九月の雨

september rain _ archive
⒊ 何か当たり前だったものが、貴重であったと気がつくのは、その貴重なものを当たり前に使って、使い捨てていた経験よりも貴重だと思う、不便が訪れるなら、その不便利な客人を歓迎して味わうしかない。それは貴重な体験をもたらすから、本当に歓迎して良い。 自分の見ている景色が変わるということが何よりも大切なのだということを時々思い出すべきだ。そして景色などというものは一瞬たりとも止まることなく、変化し続けていて、そのこと自体によって何も不具合が生じていないということが証明される。
⒉ 梅田のカリブのトレファクで、買うか迷っていた折り畳み式のキーボードが売れていた、1300円だった。だからどうということでもない、今使っているのと同じキーボードはもう予備まで買ってあって、今日もう一台届く。それは1,111円だった。必要なものはもう全て揃っているのだが、石油危機の危機感が煽られていて、今買えるものが、今後確実に買えなくなると思うと、あまり使いたくない金を、最近はいつもより使ってしまっている。もう何も買わないという段階に入りたいと思っている。

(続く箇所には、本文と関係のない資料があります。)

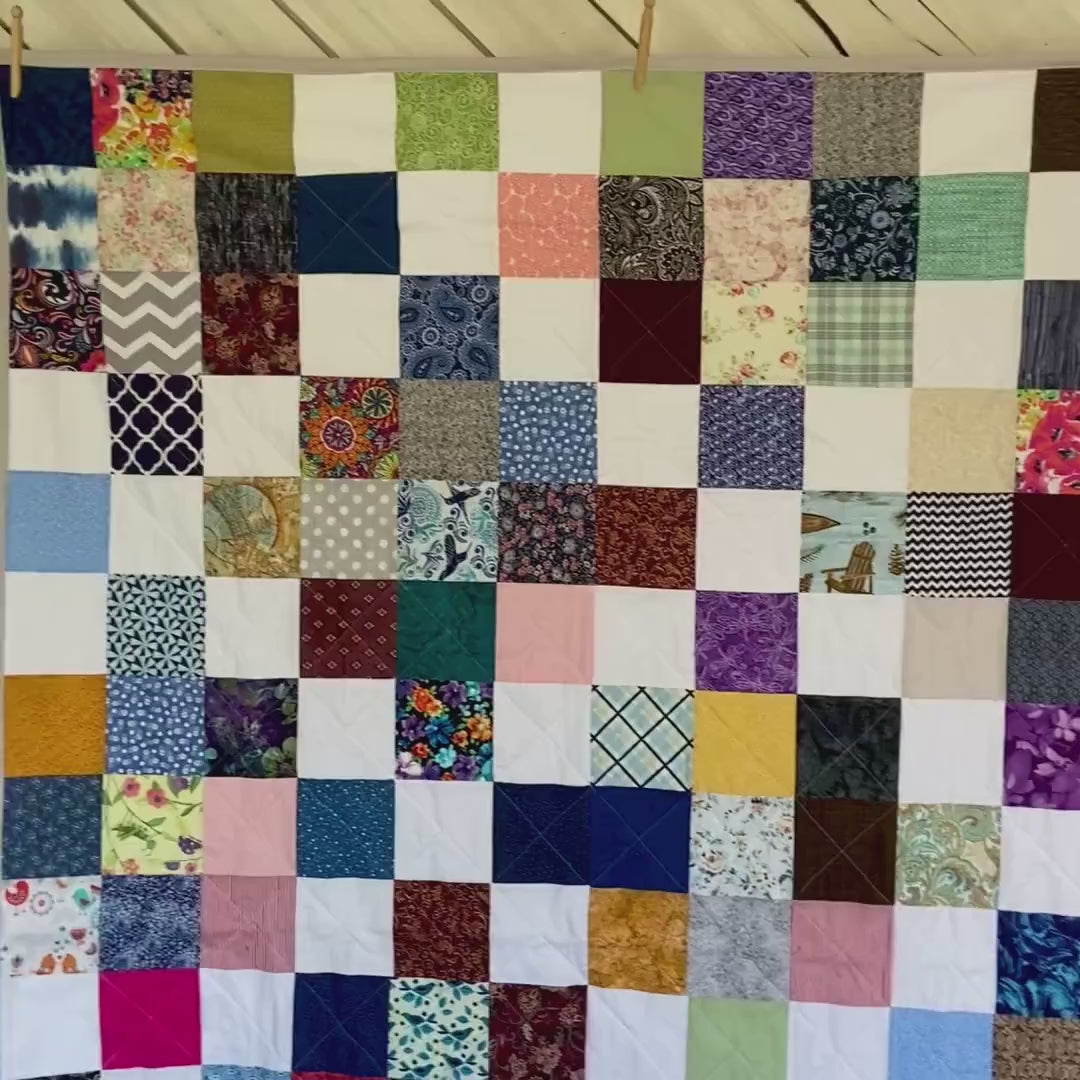 Handmade Twin Bed Size Quilt in Colorful Scrappy Patchwork Style. Bedspread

⒈ いつの間にが4月なのだが、それが何なのかと思う。時間が速く過ぎて、それで焦るというのはおかしい、何かこれ以外の時間の過ごし方が、まるであったかのように、反射的に思うのは少しおかしい。 普通の人間は何かの真似をしていると、最近は思う。これは間違っていないと思う。 どんなことも簡単に起こる。自分とは関係なく、どんなことも勝手に起こる、兄弟には子供ができる、友達は勝手に去って行く、家族はいつの間にか死んでしまう。知らない場所で会ったことのない少女は自殺する。気がついたら誰も残っていないみんな死んでしまう。取り返しのつかないことが実は、何とかなったのではないか、自分が行動を変えれば起こらないで済んだことが、実はたくさんあって。時間がいつの間にか過ぎているということが、その自分がやらなかった無数の行動の分だけ、大変に恐ろしくなる。 世界とは端的に恐怖だ。生きることや、知らない場所で過ぎてゆく時間のことを考えると、誰でも恐ろしくなる。未知を恐れることは、死を恐れることに似ているが、しは確実に存在するわけではないが、見知らぬ深海の深さのような未知は、空想の中で無限に増殖する。自分の手元にない広大な空間への恐れは、気を狂わせる種類の恐怖である。